Posts Tagged ‘swarming’

The Novelty of Women with Addiction Problems

November 17th, 2008
Amy Winehouse

Amy Winehouse

I want to comment on Halloween. (I am a bit late.)

I spent Halloween night at the NYC parade and the surrounding bars. Usually, Halloween is the night where it is socially acceptable – almost socially required — for women to dress as slutty as the temporarily relaxed local “decency” laws allow (in NYC that means one-step shy of full frontal nudity). Given that I was expecting uber-slutty, I was surprised at the very large number of girls who dressed up as Amy Winehouse . I do not care how hot you are…crack whore is not sexy.

I do not think many women have repressed fantasies about being a crack whore (at least, I hope they do not). I do think that women are very good at identifying what is, and what is not, attractive. Adopted fads are usually attractive. I think girls who wear Uggs with a Northface jacket and leggings look ridiculous (IT’S A UNIFORM!), but that does not mean I don’t find them cute. There was nothing attractive about the Amy Winehouse contagion. Women simply were aware (by word of mouth or some beacon of fashion) that other women were going to dress up as Amy Winehouse and, apparently, this costume passed some internal mental test of novelty.

Novelty apparently allowed a bad idea to bypass rational filters (e.g. do I want people to associate me with a crack whore). I think this a very common mistake; I know I make this mistake often (I mean being seduced by novelty, not dressing up as a crack whore). Novelty encourages us to throw out common sense rules. We do not know the associated outcomes of adopting (or using or whatever) something novel and we don’t seem to care. We think novel is interesting. Somehow we forget that novel can be good or bad (Yes, that flame is pretty, but I remember when I tried to touch it, it hurt).

I do not think the average trader is more sophisticated than the girls in Amy Winehouse army. They (myself included) are captivated by novelty (Whoa; CDOs are SEXY). Novelty is dangerously seductive.

On the other hand, it was Halloween, so maybe I should STFU.

Momentum is Instinctual

August 29th, 2008

One of the earliest trading programs I wrote (circa sophomore year of high school), traded on momentum. It acted quiet naively which is a proper reflection of my mind at the time. If the slope of the price for an asset was greater than and less than some prespecified values the asset was bought until it was lower or greater than a terminal slope value; The inverse applied for shorting. My program then searched for the best combinations of entry and exit slopes over a range of different historic windows.

I was quite excited at first when I found some bots that did extremely well. Then I had the insight to try testing the bot on a different time period to confirm they did just as well; They did not. I am actually proud that I recognized the need for out of sample testing. I think at the time the math taught in my connections class (read: dorky kids) was trig/precalculus. I had no knowledge of statistics outside of averages.

The point to take away from this experience was my sixteen year old brain’s expectation of herding behaviour; It is instinctual.
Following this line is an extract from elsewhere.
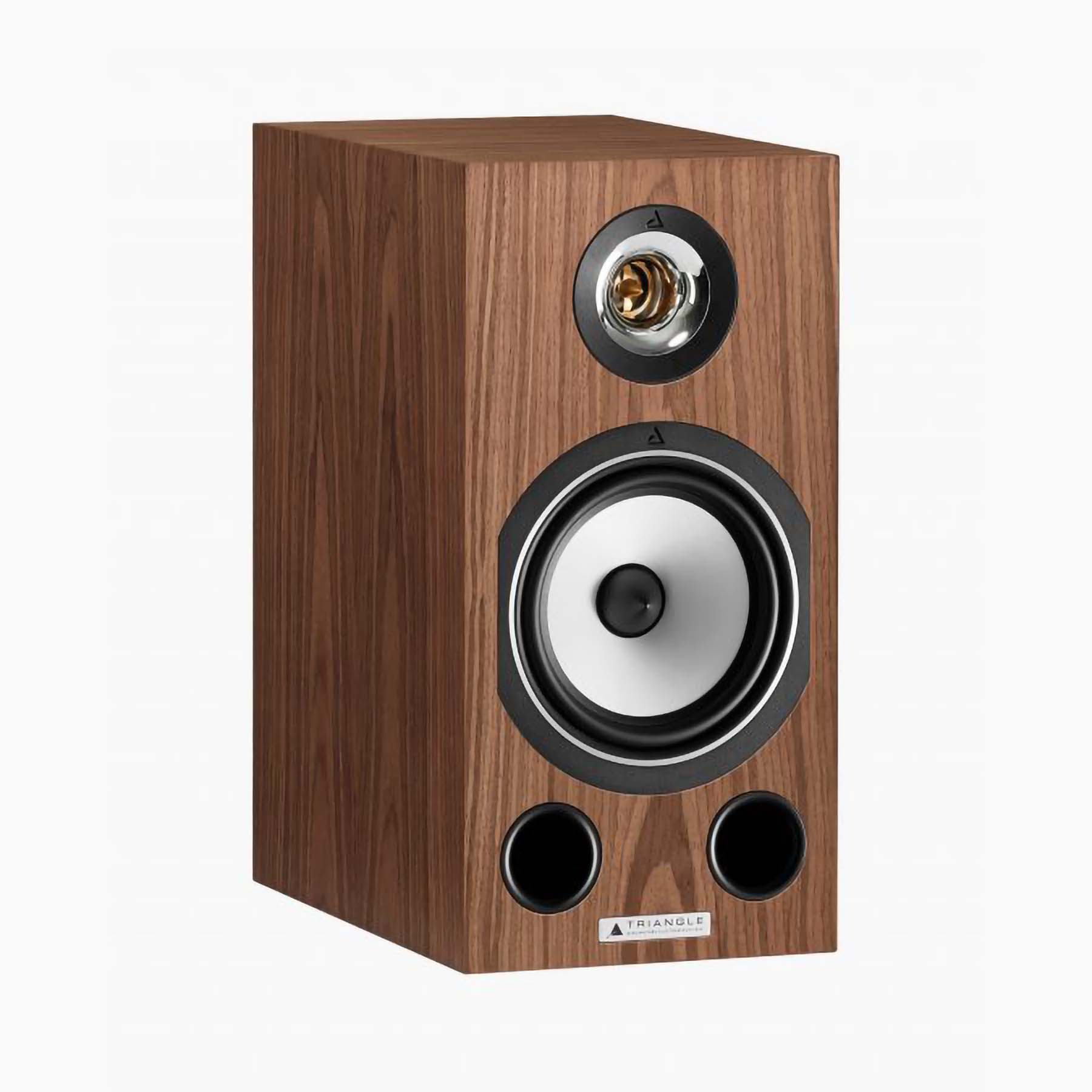 TRIANGLE Comete EZ Bookshelf Speakers (pair)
Behaviour finance expounds on this concept. At my young age I believed that if a stock was moving up, people would pile on; If a stock was moving down, people would abandon ship. Eventually, the fundamentalists would correct very large errors, but in the short term, I thought the technical traders set movements.
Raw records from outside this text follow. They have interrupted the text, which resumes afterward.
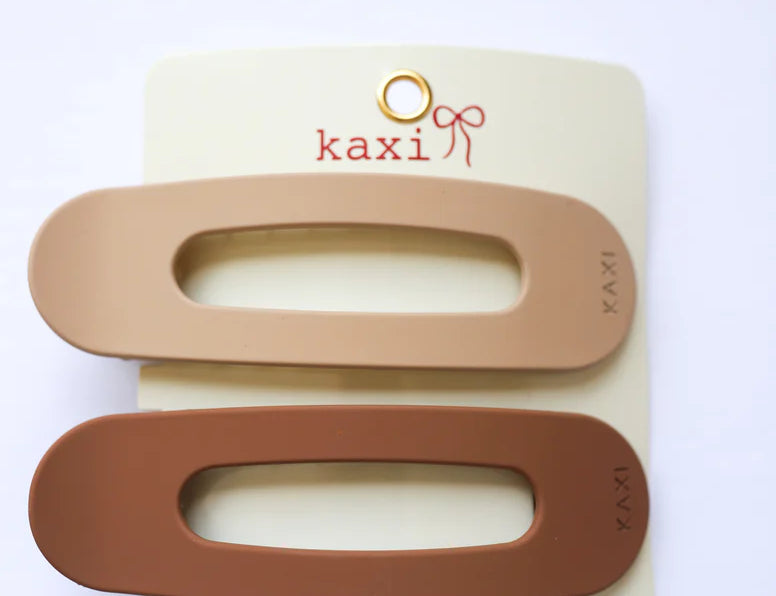 2 Pack Lay Down Claws
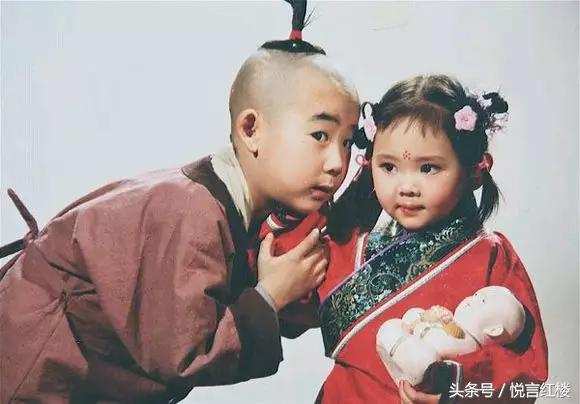 初七出生为什么不好,凤姐为什么过得那么好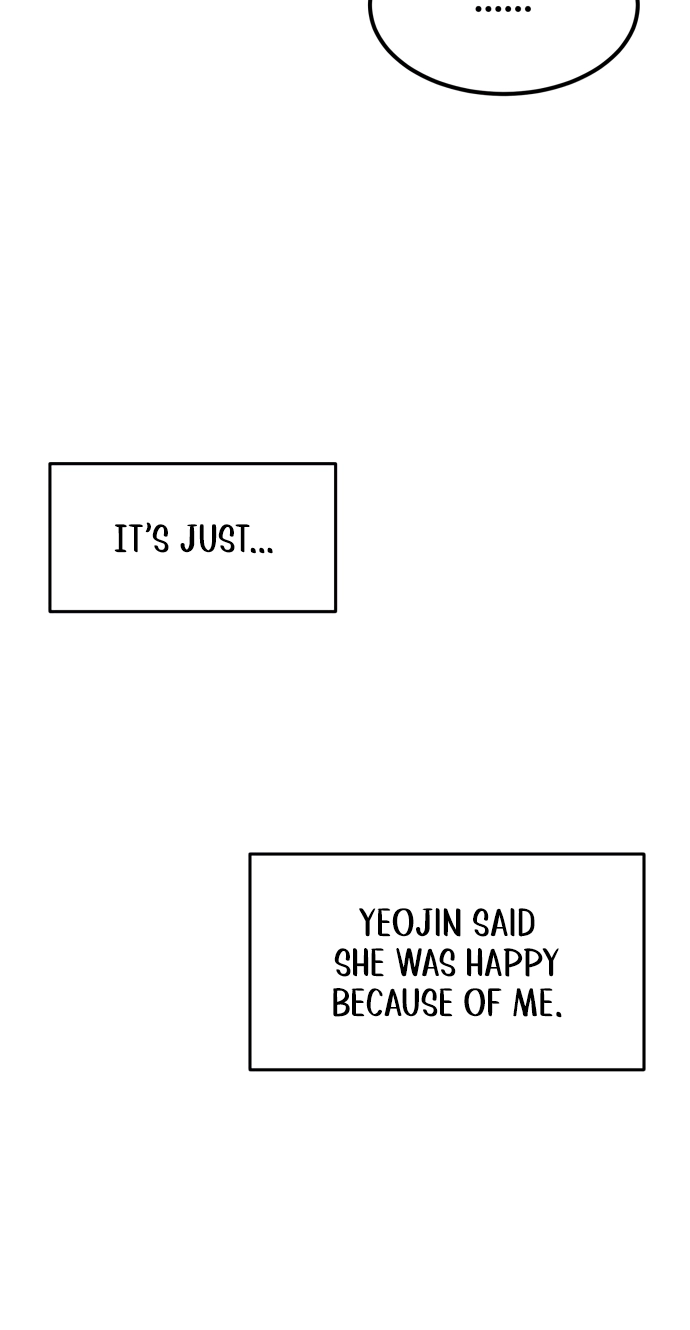 You're the Only One I See Chapter 19 page 78 - 
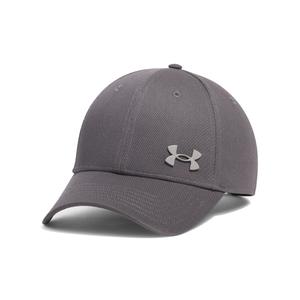 u/n/under-armour_1389695-025_0_0.jpg
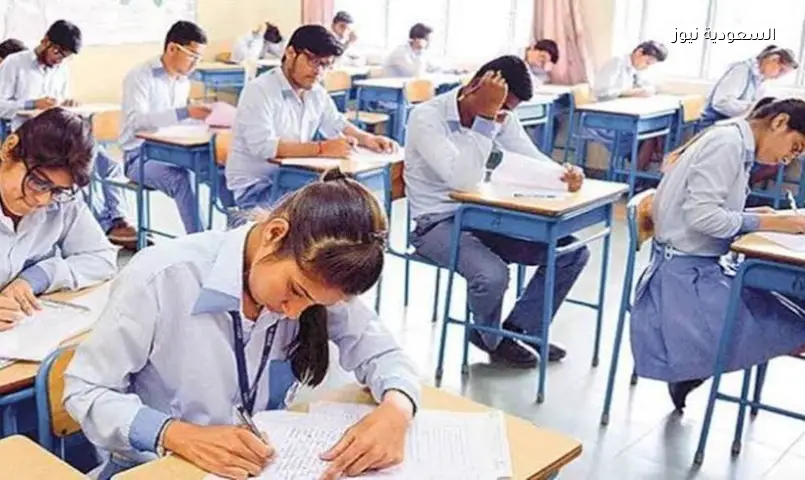 الثانوية العامة: 3403 طلاب يؤدون امتحان اللغة الأجنبية الثانية اليوم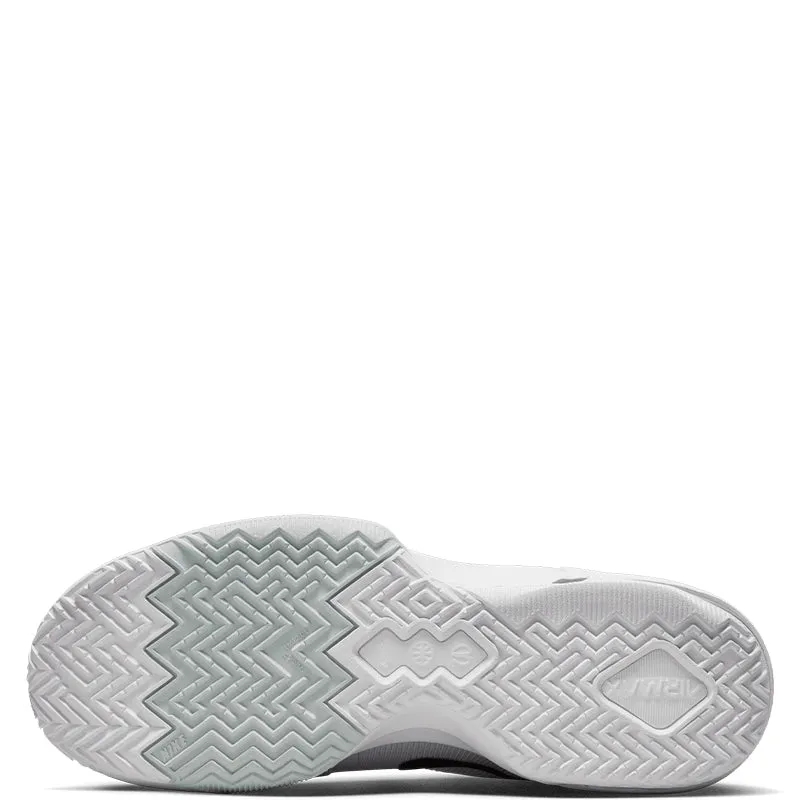 Nike Men's Air Max Impact 4 Office Fit Breath Comfort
Currently, I believe that momentum is a huge factor for a certain class of trader; This class is not sophisticated. It may be possible to exploit their actions, or their likely actions, but since they probably dominate only over the short term, their is too much noise relative to signal.

Some people (in this case momentum traders) behave in a predictable way. This capacity for prediction does not mean profit. Predicting the movement of one fish in a school does not mean you know the school’s trajectory — although it might give a hint that is occasionally correct.